- Information provided:
++++++

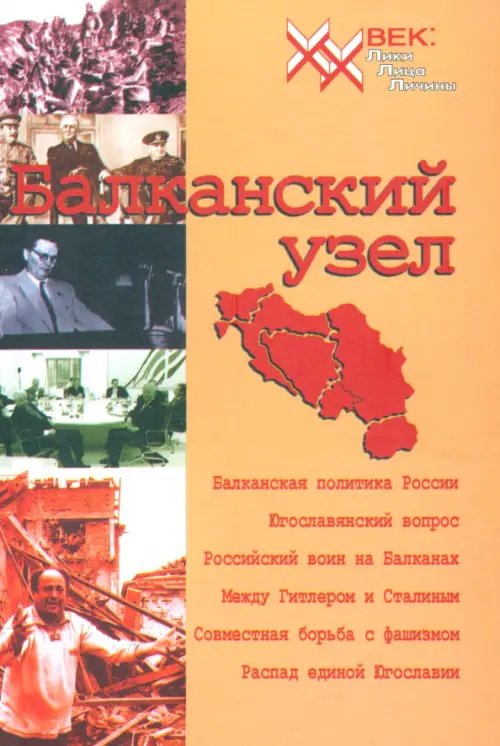 ХХ век: Лики. Лица. Личины Балканский узел, или Россия и "югославский фактор" в контексте политики великих держав на Балканах
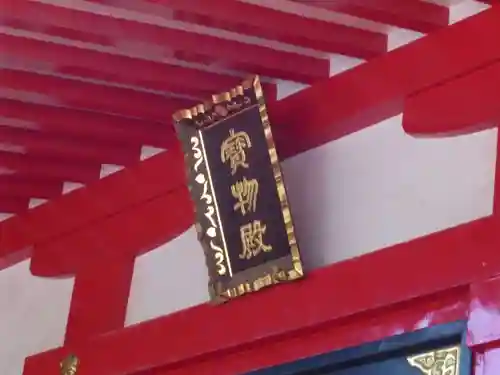 大宮八幡宮のその他建物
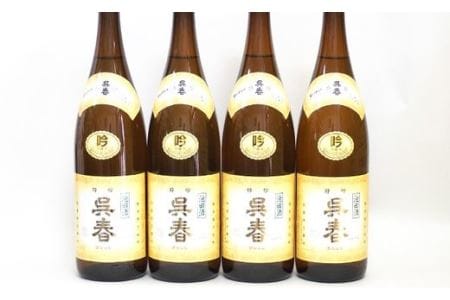 【15-04】清酒「呉春」特吟×4本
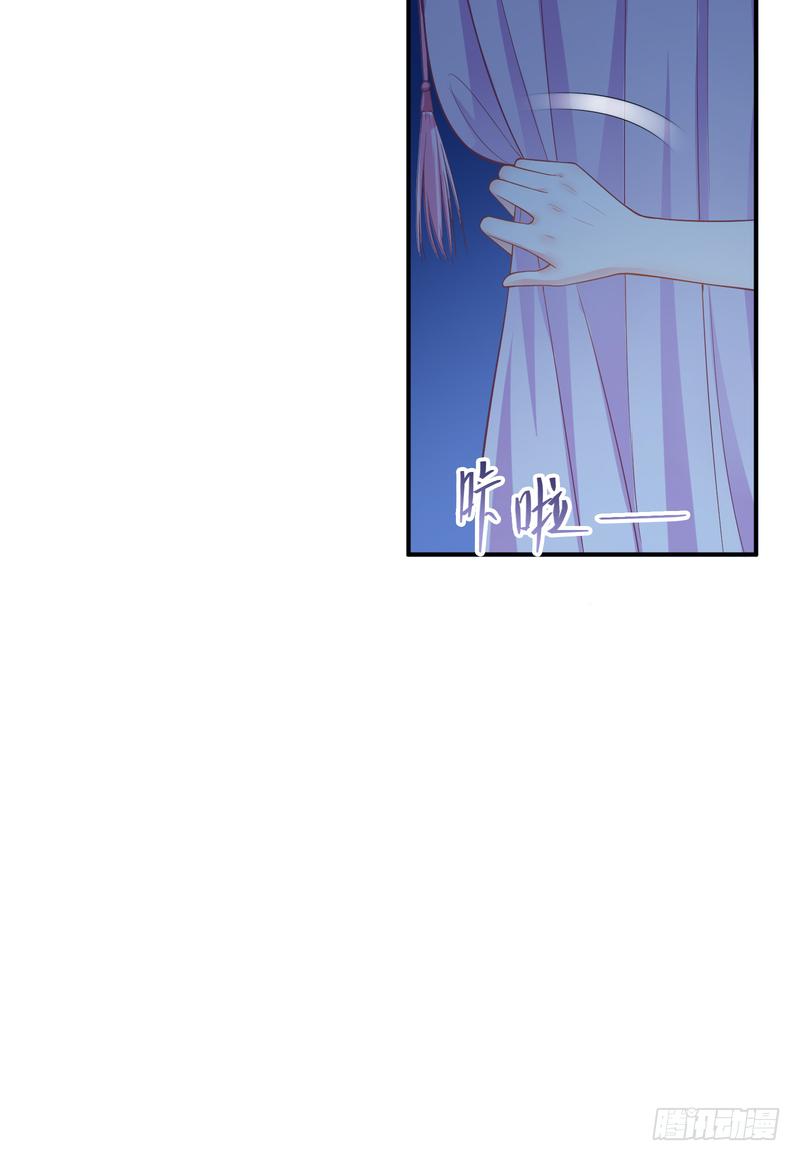 第94话(1/2)-第94话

++++++

- Task brief: Give back the listing unchanged. Strip out the pictures.

- Problem solution:
 ХХ век: Лики. Лица. Личины Балканский узел, или Россия и "югославский фактор" в контексте политики великих держав на Балканах
 大宮八幡宮のその他建物
 【15-04】清酒「呉春」特吟×4本
 第94话(1/2)-第94话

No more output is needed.